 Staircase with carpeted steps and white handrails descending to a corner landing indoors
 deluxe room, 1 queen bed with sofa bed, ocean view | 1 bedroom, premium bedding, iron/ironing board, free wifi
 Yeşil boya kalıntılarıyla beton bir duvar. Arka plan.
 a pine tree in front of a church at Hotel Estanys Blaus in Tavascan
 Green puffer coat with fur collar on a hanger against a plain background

************

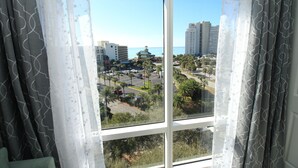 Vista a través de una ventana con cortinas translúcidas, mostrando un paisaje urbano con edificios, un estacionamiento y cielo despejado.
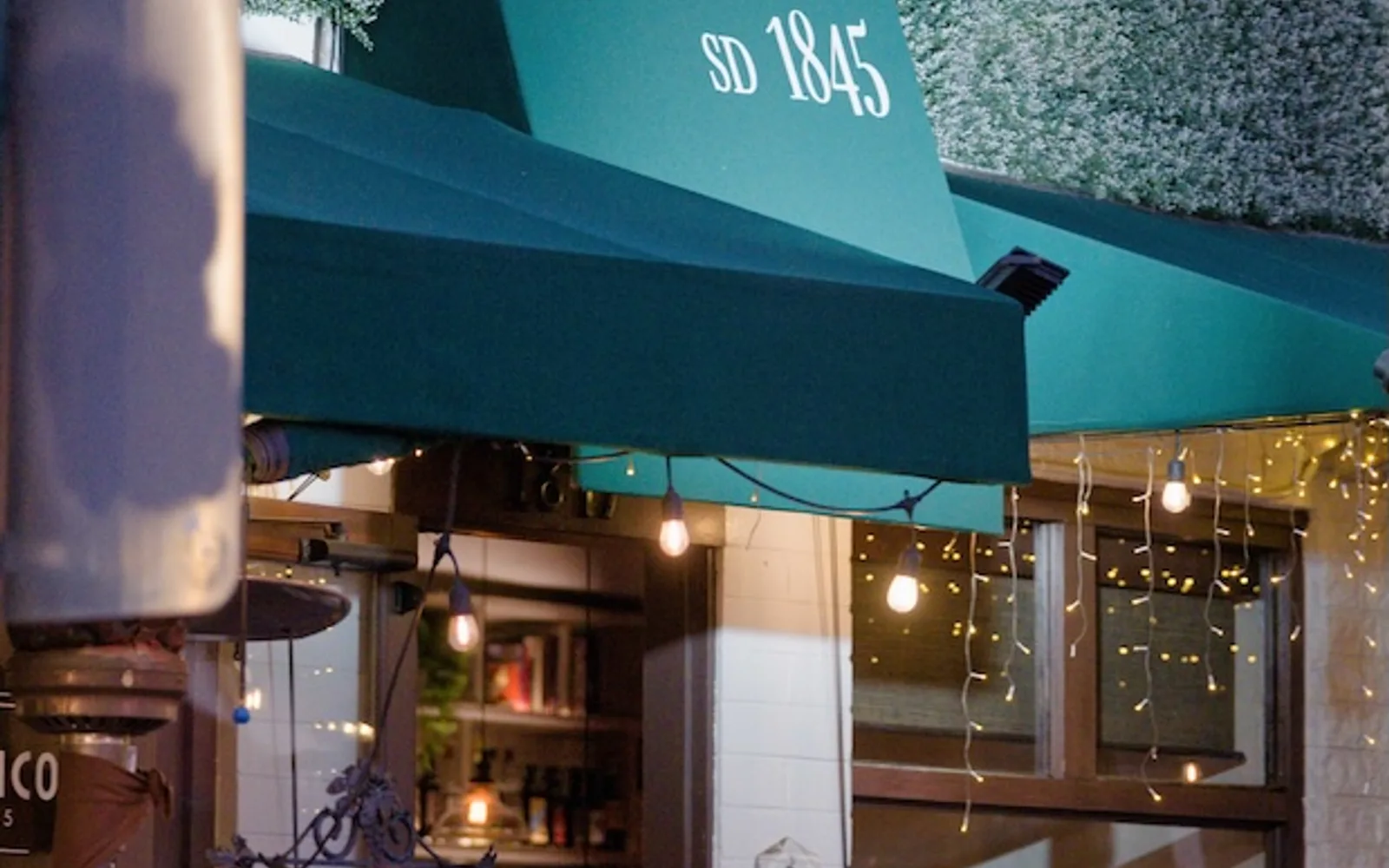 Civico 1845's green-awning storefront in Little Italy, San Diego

************

The answer must consist of every line from the entries above that contains the string "with".

 Staircase with carpeted steps and white handrails descending to a corner landing indoors
 deluxe room, 1 queen bed with sofa bed, ocean view | 1 bedroom, premium bedding, iron/ironing board, free wifi
 Green puffer coat with fur collar on a hanger against a plain background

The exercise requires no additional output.